「愛情不足では?」と言われた【コドモカルテ/小児科専門医 森戸やすみさん】

2022年3月19日

【2022年3-4月号掲載】

子どもの病気やケガは、いつも突然やってきます。
それは、子どもは大人のミニチュアではないから。
子どもの体や病気を知って、安心して子育てを楽しもう。


「こんな時どうする?」
小児科医が教える病気のケア

「愛情不足では?」と言われた

 電車で泣く娘に「お母さん、
 もっと抱きしめてあげて」


子どもに何か困ったことがあると、「愛情不足じゃない?」と言ってくる人たちがいます。祖父母やママ友、近所の人といった身近な人だけでなく、全くの見知らぬ人から言われることもあります。

私自身も、娘が小さかった頃に経験があります。電車でグズる娘を見た高齢の女性がニコニコしながら近づいてきて、「お母さん、もっと抱きしめてあげて」と私を諭すように言いました。

娘が泣いていたのは、その前にテーマパークでめいっぱい遊んで疲れていたからで、私が抱きしめて愛情を示さなかったからではないのに。 とっさに言葉が出ず、それでも何か言おうとした私に、彼女は「いいのよ、わかっているから」という顔で頷き、去っていきました。

「泣く」以外にも、「夜早くに寝ない」「おしゃぶりが取れない」「何度も風邪を引く」「原因不明の病気になる」、大きくなると「非行に走る」「発達障害があるとわかる」…ことあるごとに言われるのが「親の愛情不足」です。

そんな言葉をまっすぐ受け止めて悩み、診察時に相談される保護者もいます。

ところが、そんな相談を受ける立場である、小児科医をはじめとする、子どもに関わる専門家の中にも、愛情の多寡の話をする人がいるのですから、残念なことです。

子どもが病気やケガをしたり、何かで困っている時に「愛情不足だ」なんて、あまりに主観的で根拠がなく、間違っている上に声かけとしても不適切で、ご家族との信頼関係を壊す原因になってもおかしくない発言だと思います。

私はこういった発言を見聞きするたびに、「愛情不足とは、親を責めるのになんと都合のいい言葉なんだろう」と思うのです。



※イメージ写真


 

 親を責めることで解決する
 子どもの問題はありません


愛情というのは、目に見えず、手で触れて確かめることもできません。

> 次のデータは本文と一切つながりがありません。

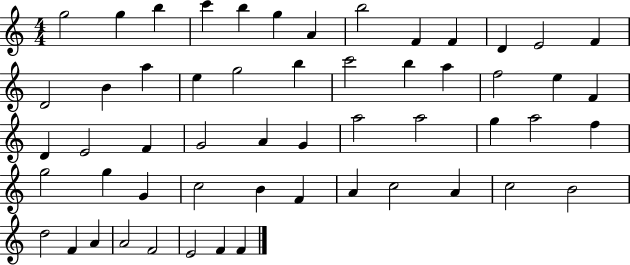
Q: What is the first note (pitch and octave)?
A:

ましてや数値もないので、「多い」「少ない」という量を計ることもできないものです。

しかし、困ったことに、わからないことに出くわすと、このあいまいな言葉を持ち出して、「これが不足しているから」と自分自身を納得させたい人がいます。

そもそも「愛情」とは何でしょうか。私は、愛情とは、行動に移すことで伝えられるものだと思います。子どもはエスパーではないので、親がどれだけ愛情を持っていても、表に出さないと感じられません。

たとえば、抱っこをして目を合わせ、微笑みかけてはじめて赤ちゃんは愛情を受け取れます。また、子どもが空腹だったり、清潔な状態でなかったりすると、親がいくら愛情を感じていても、子どもはそう思えないでしょう。「お腹を満たしたい」「清潔でいたい」という欲求が満たされて、保護者と双方向のコミュニケーションが成り立っている時、子どもは親の愛情を感じられるはずです。

しかし、もし親が子どもに愛情を感じられず、ふさわしい行動を取れないとしても、「愛情不足なので増やしなさい」と指摘しても、解決にはつながりません。

必要なのは、指摘ではなく支援です。まして、それ以外の親を「愛情不足」と決めつけることには弊害しかありません。子どもに関わる仕事をしている人には、特に注意してほしいものです。



※イメージ写真
 

教えてくれたのは…

森戸 やすみ さん 

小児科専門医。一般小児科、NICU(新生児集中治療室)などを経て、どうかん山こどもクリニックを開業。
著書は「小児科医ママが今伝えたいこと!子育てはだいたいで大丈夫」等多数。